Saturday 4 July 2020

Selah and the Spades

 At Haldwell Boarding School there are five factions. Each faction plays a role within the school, for example the Prefect faction makes sure the teachers aren’t aware of the students’ partying. The main faction are the Spades, led by Selah (a superb Lovie Simone), and their main role is to supply everyone with the fun stuff (drugs and alcohol). Selah is in her final year and is looking for a successor to lead the Spades. The search is a tough one, but when Paloma (Celeste O'Connor) joins the school, Selah strikes up a friendship thinking she has found her successor. 


Director Tayarisha Poe described Selah and the Spades as Clueless meets The Godfather. It’s an inviting prospect to combine an Oscar winning epic with an endearing cult favourite. Two films from two genres that couldn’t be more different from each other. Strangely, however, it seems to work with the five factions (acting like the five families) attempting to install peace and keep to their own patch but with one faction head unwilling to let her power wavier and even looking to build it.

The film is mainly focused on Selah (Lovie Simone) as she approaches a crossroad in her life where she is under big pressure to make important decisions on her future. Her overbearing mother wants Selah to attend Redwood, a prestigious school, but Selah is concerned that her position and standing at Haldwell Boarding School is unlikely to follow her. Under great pressure to succeed (Selah’s mother is unimpressed about the 93/100 test result), Poe’s use of closeups allows us to understand Selah’s emotional experiences and help the film become an intimate portrayal of black youth.

Interestingly, it’s revealed in a powerful conversation with Paloma that Selah is asexual. It’s a shame that Poe doesn’t go into great detail about this but it’s a rarity in film and especially a rarity in films about the high-school experience. However, from the way the story is told, its combination of two different films, and the way the film it is shot, Selah and the Spades is a film with a unique vision. Tayarisha Poe wanted to stay away from the often-trodden ground of high school, teenage romance and instead focuses on friendships and the power struggle within those friendships.

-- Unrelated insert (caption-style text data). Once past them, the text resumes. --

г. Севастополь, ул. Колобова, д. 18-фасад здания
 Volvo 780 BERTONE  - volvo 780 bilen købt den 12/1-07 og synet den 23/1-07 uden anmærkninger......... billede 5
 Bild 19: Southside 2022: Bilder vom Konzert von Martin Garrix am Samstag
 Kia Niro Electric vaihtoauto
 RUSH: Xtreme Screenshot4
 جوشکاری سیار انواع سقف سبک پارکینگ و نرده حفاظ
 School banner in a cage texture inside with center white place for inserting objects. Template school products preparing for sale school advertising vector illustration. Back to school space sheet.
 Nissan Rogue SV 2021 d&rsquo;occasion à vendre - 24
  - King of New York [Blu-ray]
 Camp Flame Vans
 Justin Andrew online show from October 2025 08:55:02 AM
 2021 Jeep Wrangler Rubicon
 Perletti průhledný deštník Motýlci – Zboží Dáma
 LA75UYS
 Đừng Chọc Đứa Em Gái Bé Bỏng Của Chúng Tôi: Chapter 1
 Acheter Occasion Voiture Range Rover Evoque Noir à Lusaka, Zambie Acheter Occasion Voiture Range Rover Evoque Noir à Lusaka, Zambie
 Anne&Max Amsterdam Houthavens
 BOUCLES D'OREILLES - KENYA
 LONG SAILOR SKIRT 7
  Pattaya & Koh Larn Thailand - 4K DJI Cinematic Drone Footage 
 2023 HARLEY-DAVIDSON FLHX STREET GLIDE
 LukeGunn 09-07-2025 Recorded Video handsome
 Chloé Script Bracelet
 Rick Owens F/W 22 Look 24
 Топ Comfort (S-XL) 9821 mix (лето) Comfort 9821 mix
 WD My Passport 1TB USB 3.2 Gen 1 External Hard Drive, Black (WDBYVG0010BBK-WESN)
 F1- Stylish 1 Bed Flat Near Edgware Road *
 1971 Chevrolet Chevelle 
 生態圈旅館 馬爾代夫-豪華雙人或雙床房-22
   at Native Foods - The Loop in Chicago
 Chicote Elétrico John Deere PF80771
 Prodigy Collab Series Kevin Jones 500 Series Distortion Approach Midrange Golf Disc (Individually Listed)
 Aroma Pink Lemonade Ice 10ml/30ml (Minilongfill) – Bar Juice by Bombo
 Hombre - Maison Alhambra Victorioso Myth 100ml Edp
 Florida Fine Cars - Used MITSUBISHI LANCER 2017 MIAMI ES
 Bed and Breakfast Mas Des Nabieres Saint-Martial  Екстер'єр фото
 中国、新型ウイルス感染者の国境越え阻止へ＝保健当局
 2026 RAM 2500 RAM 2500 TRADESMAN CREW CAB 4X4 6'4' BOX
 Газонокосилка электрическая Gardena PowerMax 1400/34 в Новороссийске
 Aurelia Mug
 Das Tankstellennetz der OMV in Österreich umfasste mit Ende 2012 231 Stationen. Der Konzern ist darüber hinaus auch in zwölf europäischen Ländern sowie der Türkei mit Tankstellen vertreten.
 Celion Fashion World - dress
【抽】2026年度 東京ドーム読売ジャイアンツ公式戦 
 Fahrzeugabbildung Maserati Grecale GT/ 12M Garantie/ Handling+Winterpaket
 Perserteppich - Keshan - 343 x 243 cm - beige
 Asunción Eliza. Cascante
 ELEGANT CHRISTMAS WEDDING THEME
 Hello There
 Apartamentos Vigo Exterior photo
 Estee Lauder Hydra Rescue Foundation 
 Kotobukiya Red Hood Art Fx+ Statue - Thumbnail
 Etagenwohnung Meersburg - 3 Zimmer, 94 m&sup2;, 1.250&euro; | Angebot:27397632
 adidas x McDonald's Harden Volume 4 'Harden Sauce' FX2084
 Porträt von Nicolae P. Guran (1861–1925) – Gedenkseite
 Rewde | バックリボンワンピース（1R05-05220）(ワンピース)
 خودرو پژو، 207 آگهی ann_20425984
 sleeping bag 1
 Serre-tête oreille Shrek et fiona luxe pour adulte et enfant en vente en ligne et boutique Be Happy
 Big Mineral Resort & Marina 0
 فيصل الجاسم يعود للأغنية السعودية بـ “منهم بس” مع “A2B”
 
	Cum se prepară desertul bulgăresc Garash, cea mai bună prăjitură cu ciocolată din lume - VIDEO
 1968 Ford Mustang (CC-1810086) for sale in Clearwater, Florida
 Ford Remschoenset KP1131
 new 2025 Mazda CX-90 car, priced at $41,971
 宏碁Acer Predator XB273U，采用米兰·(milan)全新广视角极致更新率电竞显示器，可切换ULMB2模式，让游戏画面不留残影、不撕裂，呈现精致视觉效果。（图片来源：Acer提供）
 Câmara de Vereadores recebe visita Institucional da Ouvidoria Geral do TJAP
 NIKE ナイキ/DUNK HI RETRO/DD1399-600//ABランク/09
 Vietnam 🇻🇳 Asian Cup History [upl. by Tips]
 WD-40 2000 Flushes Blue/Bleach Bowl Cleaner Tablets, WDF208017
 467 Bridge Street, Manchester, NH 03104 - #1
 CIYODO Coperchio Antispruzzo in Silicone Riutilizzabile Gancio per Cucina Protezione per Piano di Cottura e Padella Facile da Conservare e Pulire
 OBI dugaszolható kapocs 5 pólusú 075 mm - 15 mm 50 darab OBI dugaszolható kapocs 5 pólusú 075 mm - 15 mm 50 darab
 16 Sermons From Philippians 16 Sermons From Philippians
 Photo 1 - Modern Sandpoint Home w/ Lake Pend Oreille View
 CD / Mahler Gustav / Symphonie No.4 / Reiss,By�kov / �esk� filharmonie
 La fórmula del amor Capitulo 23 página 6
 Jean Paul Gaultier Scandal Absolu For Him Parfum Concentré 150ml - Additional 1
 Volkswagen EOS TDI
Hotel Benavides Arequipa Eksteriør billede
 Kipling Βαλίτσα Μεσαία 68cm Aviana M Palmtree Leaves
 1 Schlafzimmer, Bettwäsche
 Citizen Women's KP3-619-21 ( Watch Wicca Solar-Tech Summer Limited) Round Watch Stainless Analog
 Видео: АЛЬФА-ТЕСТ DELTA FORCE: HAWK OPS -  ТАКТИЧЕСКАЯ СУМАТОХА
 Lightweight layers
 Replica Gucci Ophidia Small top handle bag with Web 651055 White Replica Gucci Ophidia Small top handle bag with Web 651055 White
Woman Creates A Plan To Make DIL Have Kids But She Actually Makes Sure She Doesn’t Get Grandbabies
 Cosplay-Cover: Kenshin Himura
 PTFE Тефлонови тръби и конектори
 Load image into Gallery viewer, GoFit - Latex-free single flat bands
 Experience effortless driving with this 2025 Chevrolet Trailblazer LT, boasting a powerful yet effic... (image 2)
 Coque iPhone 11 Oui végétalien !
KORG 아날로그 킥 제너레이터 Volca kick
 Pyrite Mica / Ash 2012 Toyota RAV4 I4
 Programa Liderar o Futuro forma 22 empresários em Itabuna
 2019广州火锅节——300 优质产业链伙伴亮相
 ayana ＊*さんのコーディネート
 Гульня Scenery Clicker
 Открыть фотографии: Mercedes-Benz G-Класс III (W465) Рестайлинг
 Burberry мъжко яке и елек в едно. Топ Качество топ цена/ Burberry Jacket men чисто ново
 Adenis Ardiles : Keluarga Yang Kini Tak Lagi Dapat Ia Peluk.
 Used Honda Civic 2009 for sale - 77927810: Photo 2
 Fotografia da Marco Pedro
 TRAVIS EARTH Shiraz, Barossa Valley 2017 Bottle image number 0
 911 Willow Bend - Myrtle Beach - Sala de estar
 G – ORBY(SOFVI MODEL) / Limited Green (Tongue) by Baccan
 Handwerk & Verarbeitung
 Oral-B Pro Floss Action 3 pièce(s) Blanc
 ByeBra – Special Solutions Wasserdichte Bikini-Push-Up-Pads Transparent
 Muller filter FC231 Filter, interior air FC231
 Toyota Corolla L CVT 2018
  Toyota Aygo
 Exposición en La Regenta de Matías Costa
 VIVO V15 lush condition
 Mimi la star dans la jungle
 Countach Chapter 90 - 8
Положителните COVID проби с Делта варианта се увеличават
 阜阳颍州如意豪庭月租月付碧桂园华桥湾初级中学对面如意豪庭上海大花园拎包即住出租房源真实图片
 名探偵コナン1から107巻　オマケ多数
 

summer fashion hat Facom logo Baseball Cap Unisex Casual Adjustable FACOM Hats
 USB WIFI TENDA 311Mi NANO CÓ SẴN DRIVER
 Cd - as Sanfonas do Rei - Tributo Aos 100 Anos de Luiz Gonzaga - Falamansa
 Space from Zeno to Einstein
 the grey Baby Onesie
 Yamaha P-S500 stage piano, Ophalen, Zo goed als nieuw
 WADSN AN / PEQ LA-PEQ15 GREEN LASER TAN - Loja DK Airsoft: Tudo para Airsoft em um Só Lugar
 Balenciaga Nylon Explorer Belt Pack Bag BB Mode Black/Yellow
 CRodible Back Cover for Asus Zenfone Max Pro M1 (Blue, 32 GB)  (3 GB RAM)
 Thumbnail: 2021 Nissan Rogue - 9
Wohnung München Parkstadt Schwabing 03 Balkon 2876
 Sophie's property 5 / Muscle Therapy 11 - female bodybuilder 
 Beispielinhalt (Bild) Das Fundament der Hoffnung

Selah is an interestingly flawed character and one of her flawed moments is where her jealously tests a friendship when her close friend falls for one of the cheerleaders. This friend, Maxxie, begins to spend less time with Selah and he also starts getting sloppy in his work for the Spades. This begins to put a strain on their friendship as Maxxie has demands from a relationship that Selah is unable or unwilling to understand making her feel lonely and distant. 

Selah and the Spades is a confident and assured debut from Tayarisha Poe whose use of close ups help create an intimate story and ramp up the hallucinogenic affects from the use of colour. The other characters feel a little underdeveloped, but this was always Selah story and she makes for a flawed if empathic character.